WHAT TO DO:
Could you retype exactly the lines below between the one holding "Oppo Reno 4 Pro 4G Kılıf Zore Ravel Silikon Kapak Oppo" and the one holding "Girocollo in puro", inclusive, leaving out any pictures?

THE INPUT:

--- --- ---

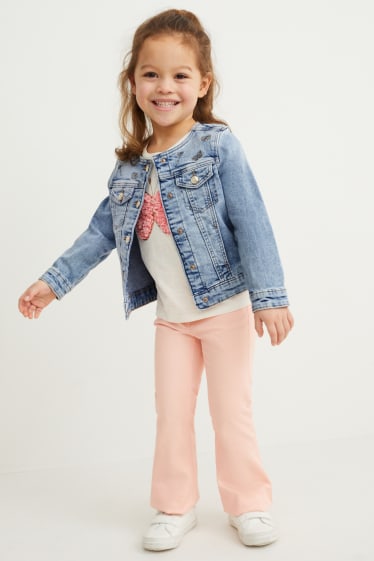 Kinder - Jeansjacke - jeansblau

--- --- ---

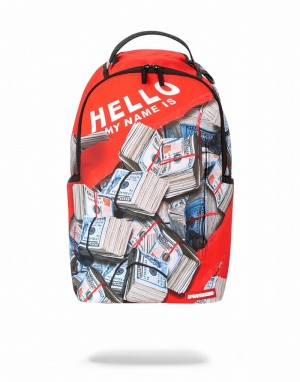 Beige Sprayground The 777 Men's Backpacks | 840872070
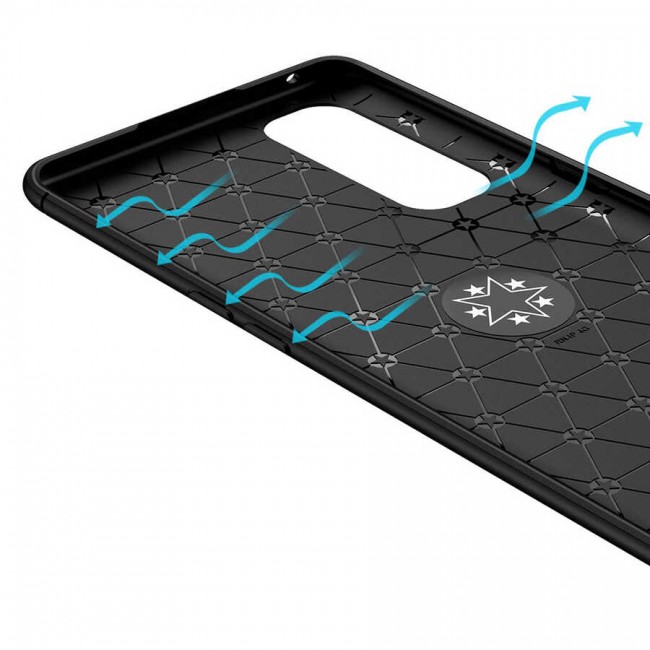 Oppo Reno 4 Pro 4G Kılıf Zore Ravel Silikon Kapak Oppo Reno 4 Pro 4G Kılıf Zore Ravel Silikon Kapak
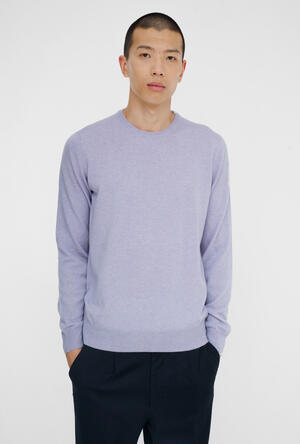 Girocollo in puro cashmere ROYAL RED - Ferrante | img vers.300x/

--- --- ---

RESULT OF THIS TASK:
 Oppo Reno 4 Pro 4G Kılıf Zore Ravel Silikon Kapak Oppo Reno 4 Pro 4G Kılıf Zore Ravel Silikon Kapak
 Girocollo in puro cashmere ROYAL RED - Ferrante | img vers.300x/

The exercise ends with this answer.